Failure IS an Option
I don’t mind failure, I relish in it, honestly. Without failure there would be no success, no learning and no growth.
However, just because failure doesn’t scare me, the thought of having to go through a lengthy process like applying for disability more than once is unbelievably daunting now that I am dealing with several chronic illnesses. And since I have the focus of a golden retriever puppy on a walk…
What was I saying? Oh yeah, since I completely lack all concentration whatsoever, I have had to develop some strategies for getting around my deficit. It has been about keeping it simple, being less self-conscious of my mistakes, and looking for positive reinforcement in the smallest of victories.
That was just a list of stuff, so here are some examples: If I want to paint tomorrow, I know I can’t expect to complete a piece start to finish in one day. I have to pare down tasks into steps, or pick smaller goals now, like just sketching my idea out one day and then doing a couple coats of gesso the second day. When something turns out not quite right when I do finally get around to painting on the third day, or maybe the fourth or fifth, I just try to focus on the process more instead of the final result. Even if it turns out looking more like a muddy field than a work of art, if I can use that canvas as a learning tool for teaching myself a new technique (or how not to use a new technique), then I go ahead count it as a victory, whereas before I would have gotten mad at myself.
I think one of the most valuable things that being chronically ill has taught me is how to view failure as success. I have become very good at being my own inner cheerleader (see, I’m doing it right now!). There is always a silver lining, and there always has to be. Every time I find one, I win and Chronic Pain loses. It might not even seem like much at the time that I find the little shiny piece of gold in all the shit, but it is everything when I look back.
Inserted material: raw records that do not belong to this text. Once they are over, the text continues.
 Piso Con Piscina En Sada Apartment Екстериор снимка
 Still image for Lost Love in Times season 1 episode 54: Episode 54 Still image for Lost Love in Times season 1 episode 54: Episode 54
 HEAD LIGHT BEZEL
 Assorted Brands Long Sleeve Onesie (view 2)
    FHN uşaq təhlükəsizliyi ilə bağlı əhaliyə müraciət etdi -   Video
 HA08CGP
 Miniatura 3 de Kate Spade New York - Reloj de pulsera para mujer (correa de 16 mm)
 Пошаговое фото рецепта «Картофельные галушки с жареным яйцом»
This year was the year of perspective and organizing my thoughts, and one of the results is that I finally decided I am not weak. I have been through too much and stayed true to myself for too long to be weak. I might be writing this in a jumbled mess of words that will hardly make sense when I go back and try to fix it up into some semblance of English tomorrow morning over coffee, but I am writing, not wallowing. I’m changing my story by choosing to find the victory in the very small. So that later I can look back and see happiness.